1. Why are Rochester's sections LESS coherent than Antoinette's, if she's the one suffering from "madness?" I get that there's a point to be made about both people being flawed/unreliable narrators, but from a logical standpoint, the way this was executed just doesn't work for me. Rochester talks like he's in a fever dream, even after he's supposedly recovered from "the fever." I also just don't know that, for a story that's supposed to be liberating "the woman in the attic," it was fair to give Rochester such a significant first-person portion of the book.

2. Why do so many other readers seem to come away with the opinion that her "madness" was caused by "not being loved well enough by rochester" - She clearly had a tumultuous (dare I say it: traumatic) upbringing, and in the present day, we have enough scientific evidence to show that behaviors and states of mind classified as "insanity" are often linked to past trauma - she's a clear case of dissociation.

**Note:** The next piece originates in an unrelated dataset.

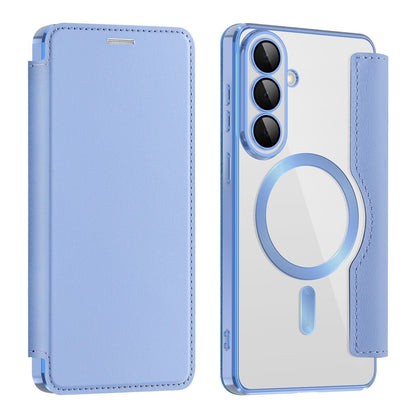 For Samsung Galaxy S26+ Magnetic Case RFID Blocking Card Holder Leather Phone Cover with Lens Film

3. Some come away from reading this questioning whether Antionette was "mad" at all - rather, perhaps it was her freedom of self expression and her non-Englishness that made her *seem* mad to Rochester, et al (A case of The Yellow Wallpaper, if you will). But come on, guys. There's evidence in the stories of her extended family - are we really supposed to believe literally *everyone else* in the book made up and perpetuated a false family history?

There are other questions, but I can't articulate them right now. Her braid being cut off because she was sick? That feels symbolic. But also why would that need to be done? Her relationship with Sandi? Could we not have explored that a little more? Rochester's F-ed up decision to sleep with Amelie?! What was that. "He's not a bad man." Or is he? Other symbolisms I'd like to explore: The frangipane/its overpowering sweetness/how it was crushed; the parrot on fire (I mean, obvious, but still); IDK if the constant rum-drinking counts as symbolism, or just setting...; the general state of Coulibri (decay, rejuvenation, total destruction); her relationship with Tia (like looking in a mirror)... etc.

The writing was poetic, yes. The intent to give Antoinette her own story, brilliant. (But also: Why did Rochester land on Bertha for a substitute name? Like, I get the idea of "renaming" her, but BERTHA? really?) IDK. On my first read, I thought this was brilliant. On my second read, I still appreciate the concept, and the atmosphere, and the creative execution that mirrors the state of mind of both central figures, but I do think it could have been executed in a stronger way. I'm no expert, though. I'm just a girl, standing in a front of a book, asking it to make a little more sense.